As a supplier of vital services, IEC is obligated to connect every consumer to the grid. But the ceremony eventually took place with generators that were rented privately after workers’ committee chairman David (Miko) Zarfati made it clear the compound would not be connected with electricity − regardless of the court.
IEC employees are worried that the government is trying to institute “reform” through the back door by introducing competition without compensating them with fat bonuses for their consent to go ahead. For years they’ve been thwarting every attempt to restructure the company, bringing political and other pressures to bear in order to halt initiatives for changing the industry.
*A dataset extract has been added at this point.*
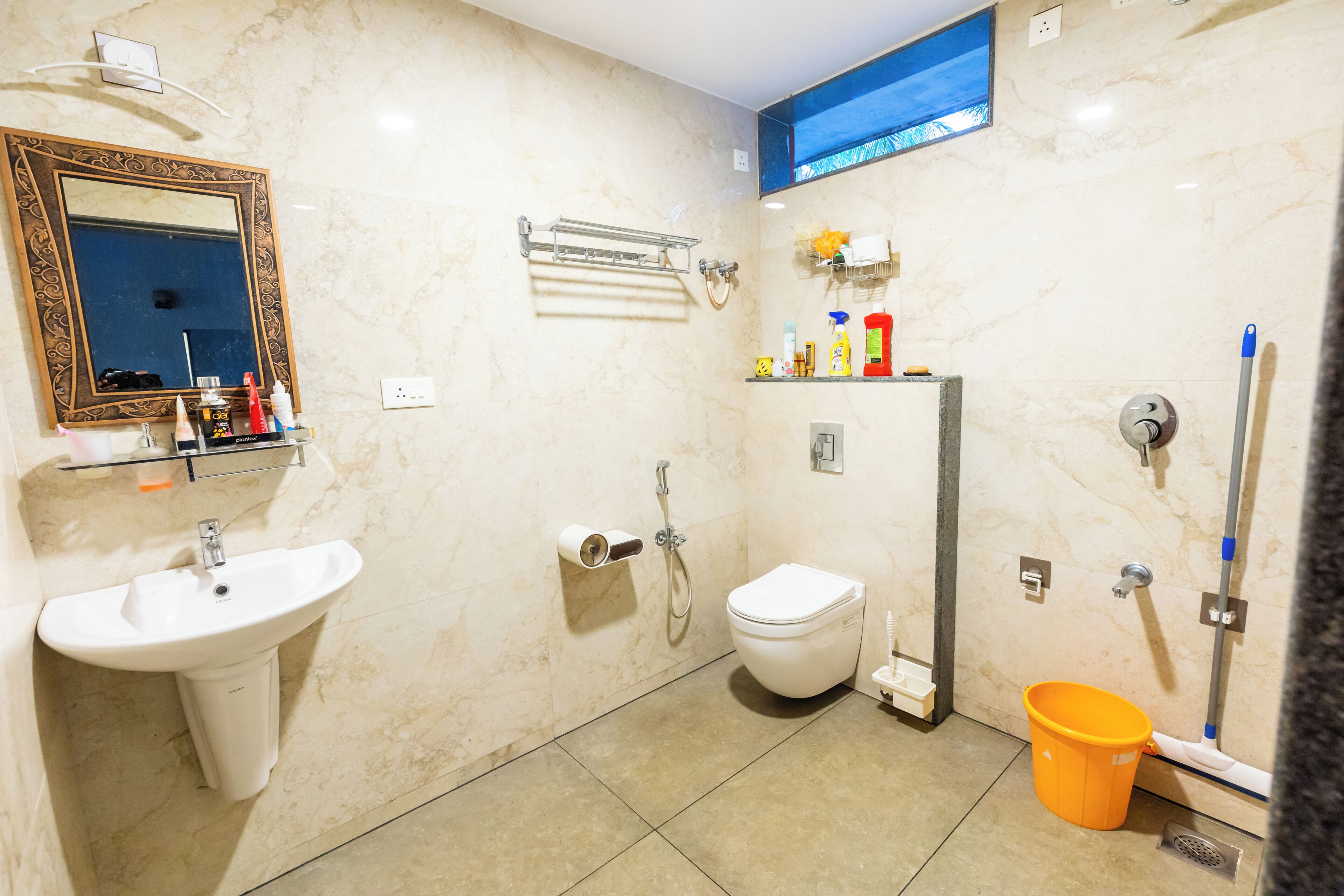 A bathroom with a sink, toilet, shower, and a mirror with a decorative frame.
When the state threw in the towel and decided instead to foster private initiatives without demanding internal reforms at IEC, the tables turned. Suddenly the workers’ committee began chasing after the government to implement some type of structural change.
Seeking toothless reform
To be precise, what it is after is a contrived reform lacking any teeth and void of all content to ensure their continued control over the master switch, including NIS 9 billion to line its pockets from the public kitty. The government has no way of coming up with NIS 9 billion and imposing further decrees on the public is certainly out of the question.
In any case, the Electricity Sector Law passed in 1996 already provides for opening the electricity industry to competition from private electricity producers.
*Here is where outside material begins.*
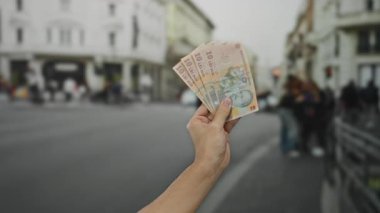Romen lei banknotlarını elinde tutan adam şehir sokaklarında, şehir içi halk ve binalara karşı para gösteriyor..
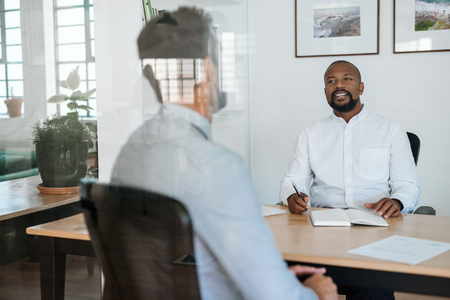 Smiling manager interviewing a potential employee in his office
The Haifa District Labor Court has already produced a number of astonishing rulings the past few years in rushing to the rescue of IEC’s mighty and entrenched union, even at the expense of other workers and the public. For example, under the court’s protection workers avoided connecting power plants in the north to the natural gas pipeline due to a dispute with management. That move that came at the expense of workers at plants using the gas and costing the economy $1.5 million a day in damages.
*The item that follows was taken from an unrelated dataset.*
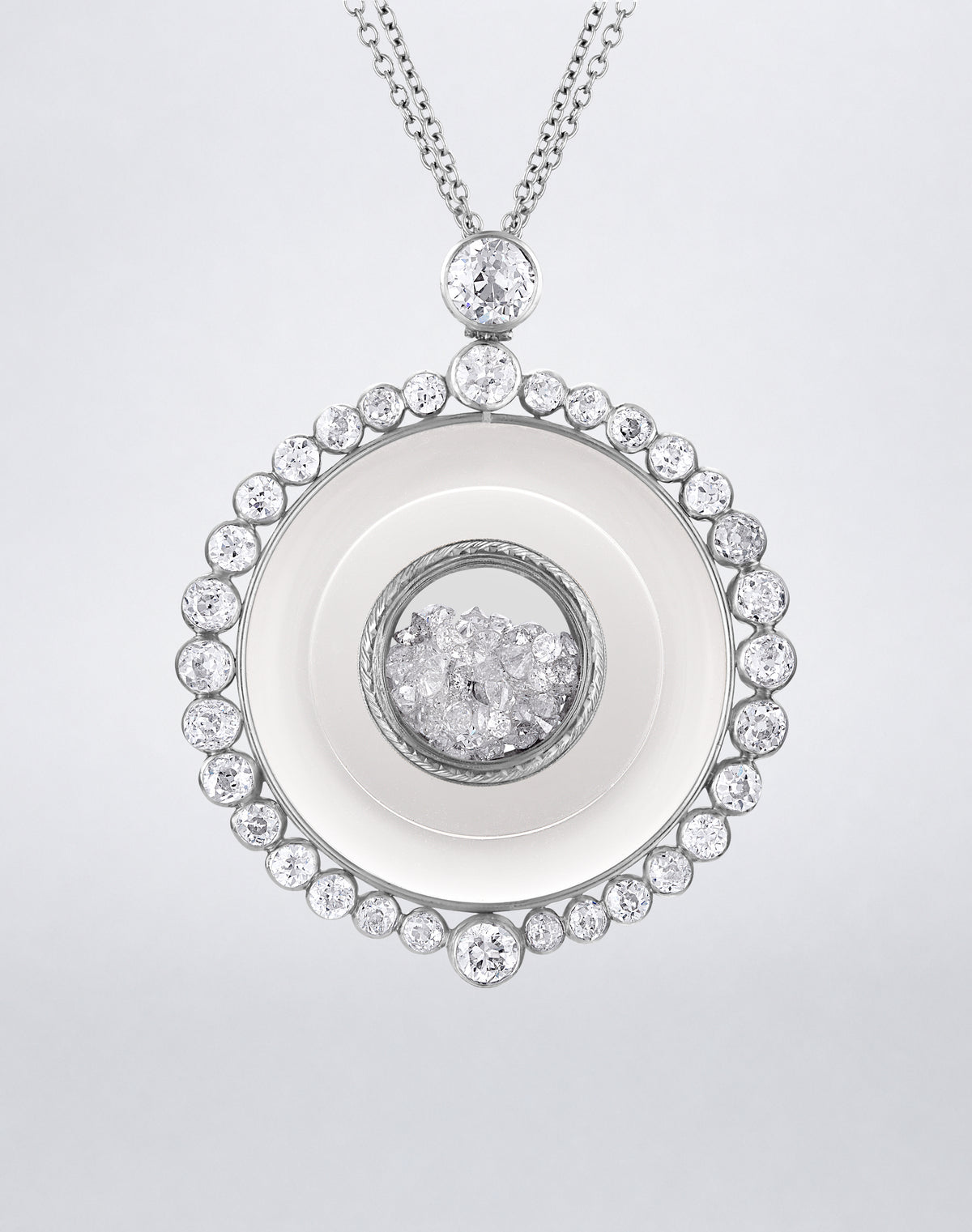 One-of-a-kind Diamond and Crystal Shaker Medallion Necklace featuring loose diamonds enclosed within a clear crystal center and framed by round diamonds.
Damages sustained by the economy from the country’s seaport unions are even more pronounced. According to the Antitrust Authority, low productivity at the ports costs the economy about NIS 5 billion annually, but this doesn’t take into account a series of recent decisions by the labor courts about the goings on at Ashdod Port.
The port was shut down early this year by a wildcat strike after Zehavit Ben-Abu, an assistant to the CEO and considered to have ties with the workers’ committee, was transferred from her job on the instructions of the state comptroller and the Government Companies Authority.
Immediately, the port operations personnel and heavy equipment operators slowed the loading and unloading of freight containers, delaying the entry of 15 ships outside the harbor. Other port workers joined the informal strike, including administrative staff who cut off electricity and the phone and Internet lines to the management offices. Industrialists estimated the damages they suffered at NIS 18 million a week while the port posted a NIS 28 million decline in profits for the first quarter.
The Finance Ministry tried to use its legal authority to dock the pay of strikers for the hours in which they engaged in sanctions, but Judge Nili Arad, president of the National Labor Court, has forbidden such a move for three months despite the illegality of the action and the damages to dozens of private businesses and their employees that depend on the port’s services.
Arad also prohibited the port from standing in the way of employing the relatives of workers in sensitive positions and sent the port to discuss the matter with the Histadrut − which for its part hasn’t been in a hurry to do so.
In general, the labor court tends to only concern itself with “unilateral” actions when these are taken by the state or management. Wildcat strikes by port or railway workers in recent years have hardly ever been censured by the labor courts, even when causing great damage to the users of a vital service.